“那你希望什么,我离开,然后看着你被毁掉?”刘瑕反问他,沈钦无言以对,“亚当想的并不只是简简单单地把我们分开,即使我没来找你,只要你心里依然抱持希望,依然没被彻底打倒,我就依然可能是他的目标——如果我就这么走掉,那么下半辈子都将活在‘因你康复而死’的恐惧里……如果是这样的话,那我宁可选择亲手把你干掉,这样至少还干脆一些。”
沈钦只能摊手苦笑,有那么一瞬间,他又露出了小狗狗被欺负后的可怜的表情,但随后便警醒地板起脸,似乎要和那个心里上还未彻底断奶独立的自己划清界限,刘瑕看得会心微笑——于是,沈钦的僵硬表情,又慢慢地融化在她的笑里。
阳光从窗户里斜射进来,将刘瑕的脸拢在光晕里,沈钦的眸色,在凝睇间变得深浓,他慢慢地倾过来,轻轻握住刘瑕的手——
这个吻,轻柔又专注,就像是风中一段无言的对话,林间隔枝的凝视,分开的时候,沈钦的额头歇在她额前。
“我明白了,刘小姐,”他轻声说,“你真的、真的很爱我……虽然你的心好像还藏在迷雾里,但你的爱,我已经模模糊糊地有所感觉……”
“你可不可以再多爱我一点,让我感觉得再清楚一点……”他在刘瑕耳边轻吹一口气,语气有点可怜兮兮的,“爱我爱得再用力一点……”
他的眼睛像是被水洗过的猫眼石,清亮亮闪着粼光,刘瑕退后了一点,望着沈钦一会儿,忽然扑哧一声,笑了。
“你以为这是在瘙痒吗?就快抓到了,左边一点,右边一点,再用力一点,让我看看是不是这种感觉?”她敲了沈钦一眼,“白痴,先去吃饭再来亲我,你至少24小时没吃饭了,嘴里很苦,全是胃液的味道。
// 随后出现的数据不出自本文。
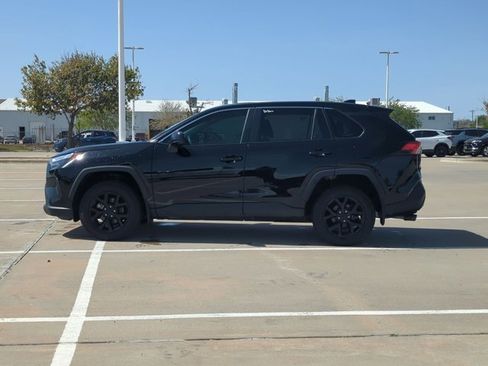 Used 2024 Toyota RAV4 LE image 8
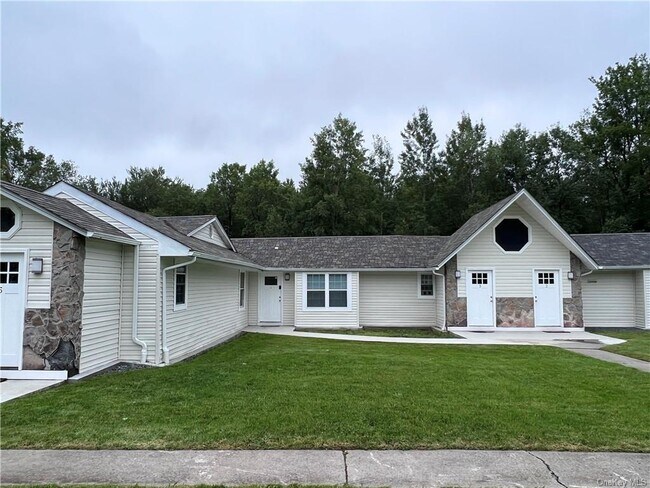 Building Photo - 3180 NY-52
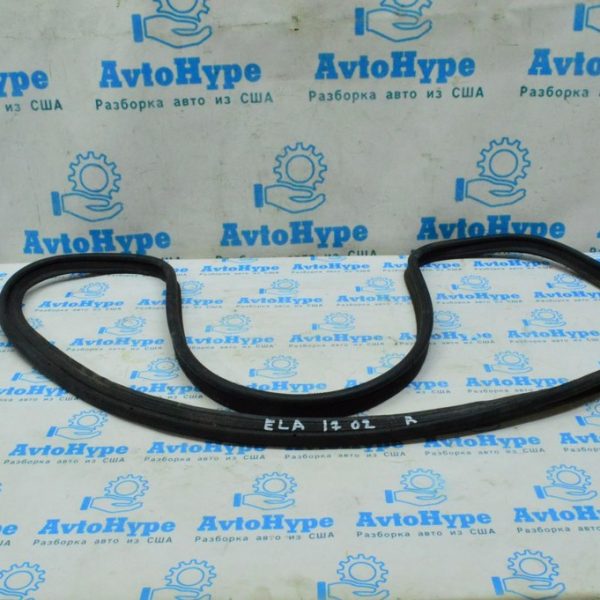 Уплотнитель крышки багажника HYUNDAI ELANTRA AD 17- 87321-F3000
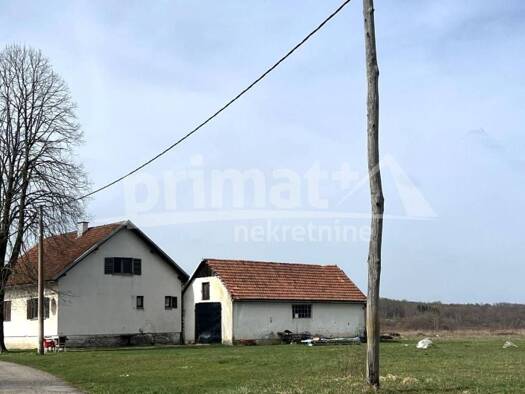 Haus zum Kauf 100.000 € 2 Zimmer 100 m² Plaški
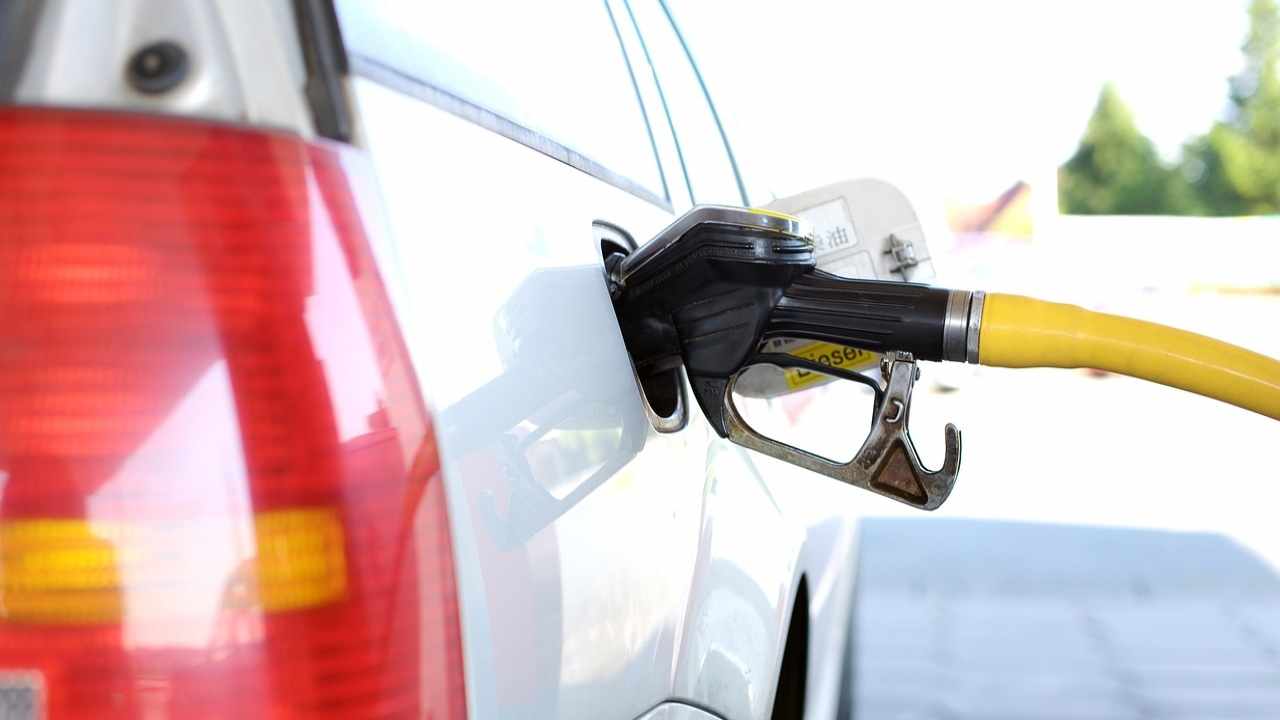 Prezzo della benzina senza accise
”
“呸呸呸!”沈钦一下跳起来,在房间里奔来奔去,“啊啊,糟了,但我走得很匆忙,根本没带牙刷……”
冲到一半,他又有点低血糖,站在原地晕了一会,继续冲到卫生间,手忙脚乱地拆了一根新牙刷拼命漱口,口齿不清地问刘瑕,“窝酷得好饿哦,里有米有带早餐?”
“没有!”刘瑕没好气地说,“先回家……到家再做给你吃。”
她靠在门边,摆了个夸张的妖娆姿势,“还是,你想吃我啊y~”
沈钦刷牙的动作顿住,在镜子里进退两难地看着她,红潮忍不住泛起,再怎么克制都没用,他呸掉了泡沫,最快速度把牙刷完,“你你你你你你……又不是认真的,不要开这种玩笑。”
“谁说我不是认真的?”刘瑕笑了。
“那那那那……那我一会真吃了啊?”沈钦的羞涩看来不像是撒娇癖那么容易克服。
刘瑕耸耸肩,语调很轻慢,“你真的吃得到再说咯——啊!”
眼前一花,她已经被压在门上,沈钦把她下巴挑起,一吻再吻,缠绵缱绻,刘瑕被吻得晕晕沉沉,呼吸幅度越来越小——
“喂,你都已经饿得站不住,全部体重全压我身上,”她好气又好笑,“居然还不肯去吃饭吗?”
“不想下楼……”沈钦还挂在她肩上,轻啄她的唇瓣,一边亲一边呢喃抱怨,“一点也不想下楼……”
“走吧。”刘瑕硬拉他,“噢对了——我打了叶女士两巴掌,所以她现在的脸挺可观的,先和你打声招呼,免得一会吓到你。”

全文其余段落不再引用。